In a recent paper Muff, Nilsen, O’Hara, and Nater (2021) propose to implement the recommendation “to regard P-values as what they are, namely, continuous measures of statistical evidence“. This is a surprising recommendation, given that p-values are not valid measures of evidence (Royall, 1997). The authors follow Bland (2015) who suggests that “Itis preferable to think of the significance test probability as an index of the strength of evidence against the null hypothesis” and proposed verbal labels for p-values in specific ranges (i.e., p-values above 0.1 are ‘little to no evidence’, p-values between 0.1 and 0.05 are ‘weak evidence’, etc.). P-values are continuous, but the idea that they are continuous measures of ‘evidence’ has been criticized (e.g., Goodman & Royall, 1988). If the null-hypothesis is true, p-values are uniformly distributed. This means it is just as likely to observe a p-value of 0.001 as it is to observe a p-value of 0.999. This indicates that the interpretation of p = 0.001 as ‘strong evidence’ cannot be defended just because the probability to observe this p-value is very small. After all, if the null hypothesis is true, the probability of observing p = 0.999 is exactly as small.
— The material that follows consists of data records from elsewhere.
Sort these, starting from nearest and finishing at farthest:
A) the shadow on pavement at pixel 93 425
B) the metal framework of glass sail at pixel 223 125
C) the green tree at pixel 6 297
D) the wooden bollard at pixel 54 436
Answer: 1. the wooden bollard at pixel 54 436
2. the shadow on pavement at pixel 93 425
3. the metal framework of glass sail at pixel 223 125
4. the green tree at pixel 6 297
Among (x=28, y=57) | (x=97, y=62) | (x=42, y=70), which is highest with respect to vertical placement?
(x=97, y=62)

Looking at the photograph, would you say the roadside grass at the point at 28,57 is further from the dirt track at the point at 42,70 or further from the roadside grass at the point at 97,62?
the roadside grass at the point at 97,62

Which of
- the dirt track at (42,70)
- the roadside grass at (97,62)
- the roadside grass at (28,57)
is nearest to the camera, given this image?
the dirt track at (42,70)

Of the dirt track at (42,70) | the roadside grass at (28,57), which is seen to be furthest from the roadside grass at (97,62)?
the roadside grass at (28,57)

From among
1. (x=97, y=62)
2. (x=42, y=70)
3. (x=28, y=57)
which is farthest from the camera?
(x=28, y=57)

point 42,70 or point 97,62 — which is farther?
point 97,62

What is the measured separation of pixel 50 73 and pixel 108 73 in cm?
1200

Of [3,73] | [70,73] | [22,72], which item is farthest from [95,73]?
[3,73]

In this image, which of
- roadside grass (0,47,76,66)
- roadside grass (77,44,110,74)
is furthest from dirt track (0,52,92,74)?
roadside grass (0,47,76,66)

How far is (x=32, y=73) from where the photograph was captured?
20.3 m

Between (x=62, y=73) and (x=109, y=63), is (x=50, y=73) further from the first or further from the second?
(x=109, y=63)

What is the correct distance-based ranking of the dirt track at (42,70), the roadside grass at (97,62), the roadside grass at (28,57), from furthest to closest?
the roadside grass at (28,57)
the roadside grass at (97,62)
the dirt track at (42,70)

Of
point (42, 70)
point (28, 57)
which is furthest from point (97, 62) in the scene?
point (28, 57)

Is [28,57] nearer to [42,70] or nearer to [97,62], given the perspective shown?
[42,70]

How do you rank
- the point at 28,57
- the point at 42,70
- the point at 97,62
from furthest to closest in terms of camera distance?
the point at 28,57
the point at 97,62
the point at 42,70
The reason that small p-values can be used to guide us in the direction of true effects is not because they are rarely observed when the null-hypothesis is true, but because they are relatively less likely to be observed when the null hypothesis is true, than when the alternative hypothesis is true. For this reason, statisticians have argued that the concept of evidence is necessarily ‘relative’. We can quantify evidence in favor of one hypothesis over another hypothesis, based on the likelihood of observing data when the null hypothesis is true, compared to this probability when an alternative hypothesis is true. As Royall (1997, p. 8) explains: “The law of likelihood applies to pairs of hypotheses, telling when a given set of observations is evidence for one versus the other: hypothesis *A *is better supported than *B *if *A *implies a greater probability for the observations than *B *does. This law represents a concept of evidence that is essentially relative, one that does not apply to a single hypothesis, taken alone.” As Goodman and Royall (1988, p. 1569) write, “The p-value is not adequate for inference because the measurement of evidence requires at least three components: the observations, and two competing explanations for how they were produced.”
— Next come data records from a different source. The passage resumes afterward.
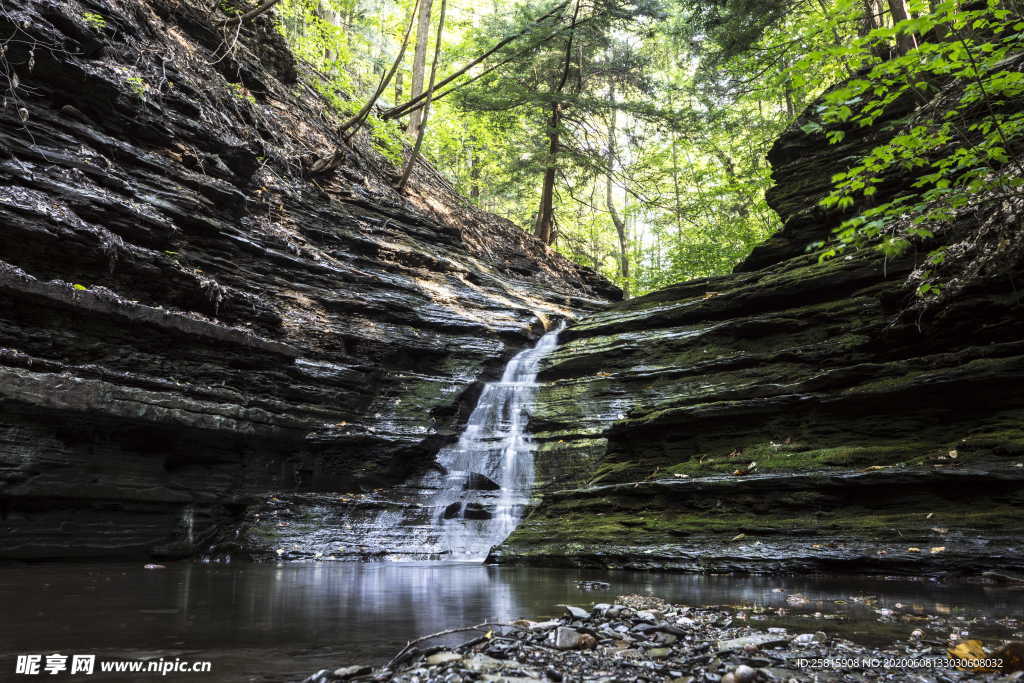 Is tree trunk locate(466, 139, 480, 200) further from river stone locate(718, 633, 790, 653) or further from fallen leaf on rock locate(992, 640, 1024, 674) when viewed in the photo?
fallen leaf on rock locate(992, 640, 1024, 674)

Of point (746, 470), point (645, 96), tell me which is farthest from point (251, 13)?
point (645, 96)

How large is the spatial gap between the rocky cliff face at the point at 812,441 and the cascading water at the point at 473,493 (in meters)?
0.48

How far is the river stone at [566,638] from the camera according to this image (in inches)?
106

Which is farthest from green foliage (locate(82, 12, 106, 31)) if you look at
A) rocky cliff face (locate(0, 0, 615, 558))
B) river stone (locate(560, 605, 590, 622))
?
river stone (locate(560, 605, 590, 622))

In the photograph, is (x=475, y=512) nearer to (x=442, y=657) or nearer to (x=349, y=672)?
(x=442, y=657)

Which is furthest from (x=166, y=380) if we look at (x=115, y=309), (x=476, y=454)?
(x=476, y=454)

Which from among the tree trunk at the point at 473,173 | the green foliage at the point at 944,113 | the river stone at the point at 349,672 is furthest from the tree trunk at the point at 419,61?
the river stone at the point at 349,672

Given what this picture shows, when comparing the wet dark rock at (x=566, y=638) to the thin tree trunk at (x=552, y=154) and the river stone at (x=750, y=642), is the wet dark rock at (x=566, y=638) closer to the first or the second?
the river stone at (x=750, y=642)

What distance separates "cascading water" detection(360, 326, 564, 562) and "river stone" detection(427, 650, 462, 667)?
5.14 meters

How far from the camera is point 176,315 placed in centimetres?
777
In practice, the problem of interpreting p-values as evidence in absence of a clearly defined alternative hypothesis is that they at best serve as proxies for evidence, but not as a useful measure where a specific p-value can be related to a specific strength of evidence. In some situations, such as when the null hypothesis is true, p-values are unrelated to evidence. In practice, when researchers examine a mix of hypotheses where the alternative hypothesis is sometimes true, p-values will be *correlated* with measures of evidence. However, this correlation can be quite weak (Krueger, 2001), and in general this correlation is too weak for p-values to function as a valid measure of evidence, where p-values in a specific range can directly be associated with ‘strong’ or ‘weak’ evidence.

**Why single p-values cannot be interpreted as the strength of evidence**

The evidential value of a single p-value depends on the statistical power of the test (i.e., on the sample size in combination with the effect size of the alternative hypothesis). The statistical power expresses the probability of observing a p-value smaller than the alpha level if the alternative hypothesis is true. When the null hypothesis is true, statistical power is formally undefined, but in practice in a two-sided test ?% of the observed p-values will fall below the alpha level, as p-values are uniformly distributed under the null-hypothesis. The horizontal grey line in Figure 1 illustrates the expected p-value distribution for a two-sided independent *t*-test if the null-hypothesis is true (or when the observed effect size Cohen’s d is 0). As every p-value is equally likely, they can not quantify the strength of evidence against the null hypothesis.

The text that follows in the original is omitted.